===== Provided data

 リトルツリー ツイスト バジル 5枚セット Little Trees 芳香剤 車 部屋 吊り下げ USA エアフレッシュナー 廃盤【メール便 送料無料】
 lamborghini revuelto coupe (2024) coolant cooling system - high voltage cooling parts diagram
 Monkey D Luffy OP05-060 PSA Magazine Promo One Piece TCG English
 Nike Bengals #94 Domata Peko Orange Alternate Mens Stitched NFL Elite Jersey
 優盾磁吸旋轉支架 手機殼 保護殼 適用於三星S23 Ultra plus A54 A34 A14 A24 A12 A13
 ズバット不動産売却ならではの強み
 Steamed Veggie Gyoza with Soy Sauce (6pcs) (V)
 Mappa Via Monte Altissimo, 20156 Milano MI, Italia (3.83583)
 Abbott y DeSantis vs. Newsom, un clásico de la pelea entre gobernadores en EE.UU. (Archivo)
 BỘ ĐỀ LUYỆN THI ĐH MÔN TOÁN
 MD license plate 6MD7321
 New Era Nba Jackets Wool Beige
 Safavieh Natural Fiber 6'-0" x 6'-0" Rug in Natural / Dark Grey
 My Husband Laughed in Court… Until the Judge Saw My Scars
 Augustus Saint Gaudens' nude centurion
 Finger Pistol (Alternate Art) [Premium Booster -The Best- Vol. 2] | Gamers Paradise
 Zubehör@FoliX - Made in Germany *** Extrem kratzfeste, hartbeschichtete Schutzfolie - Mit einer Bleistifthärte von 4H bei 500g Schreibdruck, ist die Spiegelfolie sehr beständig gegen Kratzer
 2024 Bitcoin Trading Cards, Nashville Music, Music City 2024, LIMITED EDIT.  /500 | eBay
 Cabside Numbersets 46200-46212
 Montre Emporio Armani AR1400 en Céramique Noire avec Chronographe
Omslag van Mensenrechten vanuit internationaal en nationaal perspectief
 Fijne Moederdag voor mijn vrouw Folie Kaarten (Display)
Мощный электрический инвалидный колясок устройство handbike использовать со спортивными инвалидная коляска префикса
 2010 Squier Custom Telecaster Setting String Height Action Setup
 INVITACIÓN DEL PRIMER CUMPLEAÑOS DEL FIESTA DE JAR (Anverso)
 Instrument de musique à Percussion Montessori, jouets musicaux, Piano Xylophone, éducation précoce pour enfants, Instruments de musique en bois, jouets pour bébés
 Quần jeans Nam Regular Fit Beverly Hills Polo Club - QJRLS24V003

==========

_Work to be completed_
Please return every line from the material above where the string "Alternate" occurs.

_Solution_
 Nike Bengals #94 Domata Peko Orange Alternate Mens Stitched NFL Elite Jersey
 Finger Pistol (Alternate Art) [Premium Booster -The Best- Vol. 2] | Gamers Paradise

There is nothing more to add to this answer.